Data management in substance use disorder treatment research: Implications from data harmonization of National Institute on Drug Abuse-funded randomized controlled trials
Secondary analysis of data from completed randomized controlled trials is a critical and efficient way to maximize the potential benefits from past research. De-identified primary data from completed randomized controlled trials have been increasingly available in recent years; however, the lack of standardized data products is a major barrier to further use of these valuable data. Pre-statistical harmonization of data structure, variables, and codebooks across randomized controlled trials would facilitate secondary data analysis, including meta-analyses and comparative effectiveness studies. We describe a pre-statistical data harmonization initiative to standardize de-identified primary data from substance use disorder treatment randomized controlled trials funded by the National Institute on Drug Abuse available on the National Institute on Drug Abuse Data Share website.
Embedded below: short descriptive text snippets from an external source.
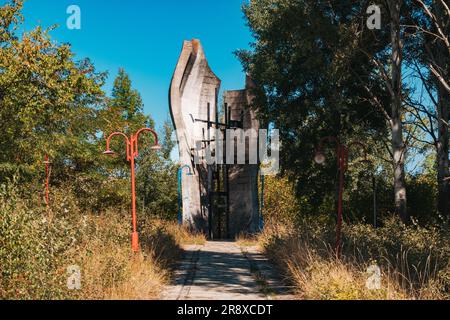 Denkmal für die Partisan Unit des Šar-Gebirges, ein farbenfrohes, aber überwuchertes Kriegsdenkmal in Brezovica im ländlichen Kosovo. 1964 erbaut Stockfoto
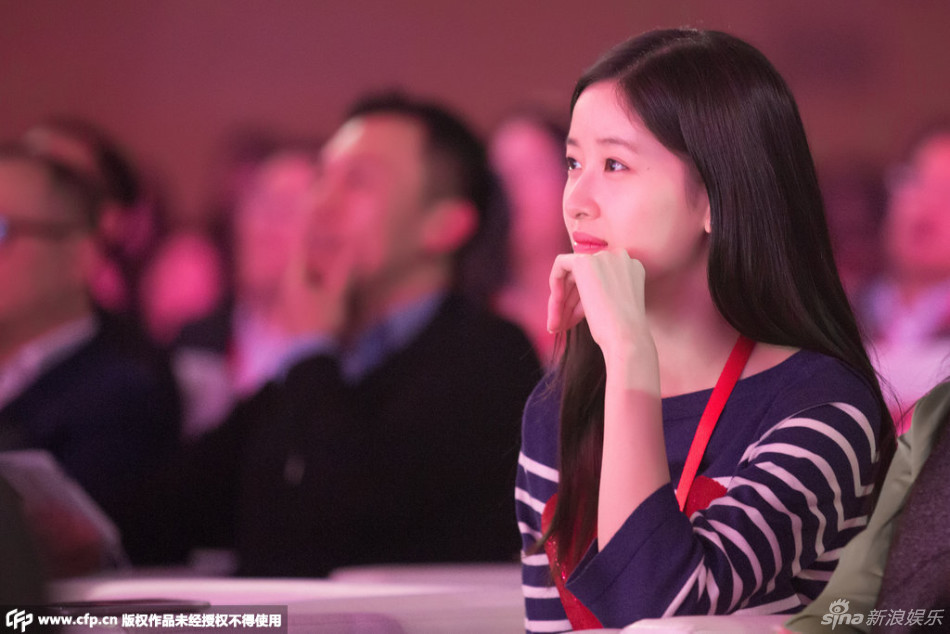 奶茶妹妹與劉強(qiáng)東親密熱聊滿(mǎn)目愛(ài)意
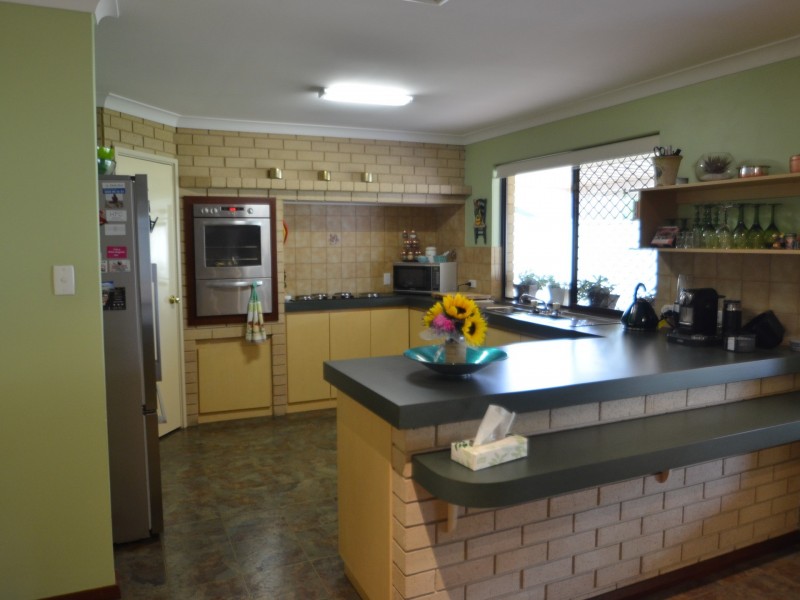 35 Hinge Road, Harvey WA 6220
Standardized datasets and codebooks with consistent data structures, variable names, labels, and definitions were developed for 36 completed randomized controlled trials. Common data domains were identified to bundle data files from individual randomized controlled trials according to relevant concepts. Variables were harmonized if at least two randomized controlled trials used the same instruments. The structures of the harmonized data were determined based on the feedback from clinical trialists and substance use disorder research experts.
The harmonized data of randomized controlled trials of substance use disorder treatments can potentially promote future secondary data analysis of completed randomized controlled trials, allowing combining data from multiple randomized controlled trials and provide guidance for future randomized controlled trials in substance use disorder treatment research.